#### Your goal
Set down every entry again, exactly as it appears.

(Records drawn from a dataset)

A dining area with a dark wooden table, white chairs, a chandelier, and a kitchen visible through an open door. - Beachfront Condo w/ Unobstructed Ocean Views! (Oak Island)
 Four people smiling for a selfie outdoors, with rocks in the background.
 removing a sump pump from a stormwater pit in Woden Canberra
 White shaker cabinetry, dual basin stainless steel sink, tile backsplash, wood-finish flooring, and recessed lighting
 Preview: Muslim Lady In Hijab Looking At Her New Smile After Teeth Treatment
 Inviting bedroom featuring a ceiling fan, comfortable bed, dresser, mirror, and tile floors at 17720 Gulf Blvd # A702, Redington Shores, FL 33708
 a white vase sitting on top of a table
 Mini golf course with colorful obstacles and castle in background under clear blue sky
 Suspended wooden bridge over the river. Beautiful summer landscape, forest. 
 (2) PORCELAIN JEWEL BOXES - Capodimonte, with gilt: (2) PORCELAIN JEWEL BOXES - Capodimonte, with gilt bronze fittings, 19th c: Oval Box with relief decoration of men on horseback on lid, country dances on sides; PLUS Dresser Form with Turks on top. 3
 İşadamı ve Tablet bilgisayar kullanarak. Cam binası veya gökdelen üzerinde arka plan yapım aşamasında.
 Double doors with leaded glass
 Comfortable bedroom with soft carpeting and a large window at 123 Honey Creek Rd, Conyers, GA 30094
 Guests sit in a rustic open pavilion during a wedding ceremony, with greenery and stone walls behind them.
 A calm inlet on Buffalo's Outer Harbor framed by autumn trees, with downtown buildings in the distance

#### Result of this task
A dining area with a dark wooden table, white chairs, a chandelier, and a kitchen visible through an open door. - Beachfront Condo w/ Unobstructed Ocean Views! (Oak Island)
 Four people smiling for a selfie outdoors, with rocks in the background.
 removing a sump pump from a stormwater pit in Woden Canberra
 White shaker cabinetry, dual basin stainless steel sink, tile backsplash, wood-finish flooring, and recessed lighting
 Preview: Muslim Lady In Hijab Looking At Her New Smile After Teeth Treatment
 Inviting bedroom featuring a ceiling fan, comfortable bed, dresser, mirror, and tile floors at 17720 Gulf Blvd # A702, Redington Shores, FL 33708
 a white vase sitting on top of a table
 Mini golf course with colorful obstacles and castle in background under clear blue sky
 Suspended wooden bridge over the river. Beautiful summer landscape, forest. 
 (2) PORCELAIN JEWEL BOXES - Capodimonte, with gilt: (2) PORCELAIN JEWEL BOXES - Capodimonte, with gilt bronze fittings, 19th c: Oval Box with relief decoration of men on horseback on lid, country dances on sides; PLUS Dresser Form with Turks on top. 3
 İşadamı ve Tablet bilgisayar kullanarak. Cam binası veya gökdelen üzerinde arka plan yapım aşamasında.
 Double doors with leaded glass
 Comfortable bedroom with soft carpeting and a large window at 123 Honey Creek Rd, Conyers, GA 30094
 Guests sit in a rustic open pavilion during a wedding ceremony, with greenery and stone walls behind them.
 A calm inlet on Buffalo's Outer Harbor framed by autumn trees, with downtown buildings in the distance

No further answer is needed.